The increase was expected to be up to 2.5% to 15% as part of tax changes to be introduced later this year, Mr Stephens said.

If confirmed, the hike was expected to be in place from October 1.

In Dunedin, the increase would add an additional 1.67% to city council rates forecasts for the 2010-11 financial year, taking the rise from 5.3% to 6.97%, he said.

A further 0.55% jump would occur in 2011-12, from 9% to 9.55%.

Following years would remain unchanged, but council fees and charges - such as the cost of registering a dog - were also likely to rise, he said.

The increases could also be repeated across Otago and force the Otago Regional Council to reconsider plans for general rates to stay the same for 2010-11.

ORC corporate services director Wayne Scott said it was too early to speculate on the effect of a GST hike, but generally "if GST goes up, so do the rates".

Clutha District Council chief executive Charles Hakkaart said staff were still scrutinising the possible impact, but confirmed a GST hike to 15% would add to the 2010-11 rates bill, at present forecast for a 3.66% rise.

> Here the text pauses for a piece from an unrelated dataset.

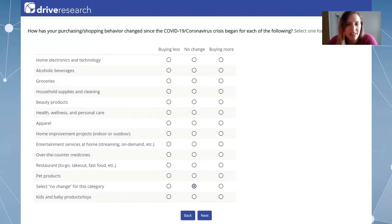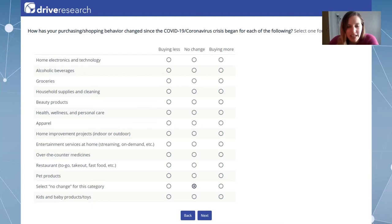Sometimes it's necessary to include multiple grid questions to meet the goals and objectives of the survey. Here's a quick example of a red herring used in a grid question. You can see how the question is phrased at the top — rows represent separate behaviors and columns represent the different response options for each behavior. Note that the second to last row states 'select no change for this category.' This is where the red herring comes into play. Anyone who doesn't answer accordingly will be removed from the analysis, and remember data is only valuable if it's deemed high quality, which includes factors like quality of the respondents and respondent engagement.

Waitaki District Council corporate services manager Stephen Halliwell said the impact of any increase in GST remained uncertain and staff were awaiting clarification before calculating changes to the 1.8% rates rise already forecast for 2010-11.

However, some council fees and charges set to increase on July 1 had been deferred until plans for GST were confirmed, and in other areas - such as $2 parking meter charges - the council had already absorbed the extra cost in the meantime, he said.

Central Otago District Council corporate services manager Susan Finlay said the council's forecast rates increase - set at 7% in the council's 2010-11 draft plan - would be "amended accordingly" if GST climbed.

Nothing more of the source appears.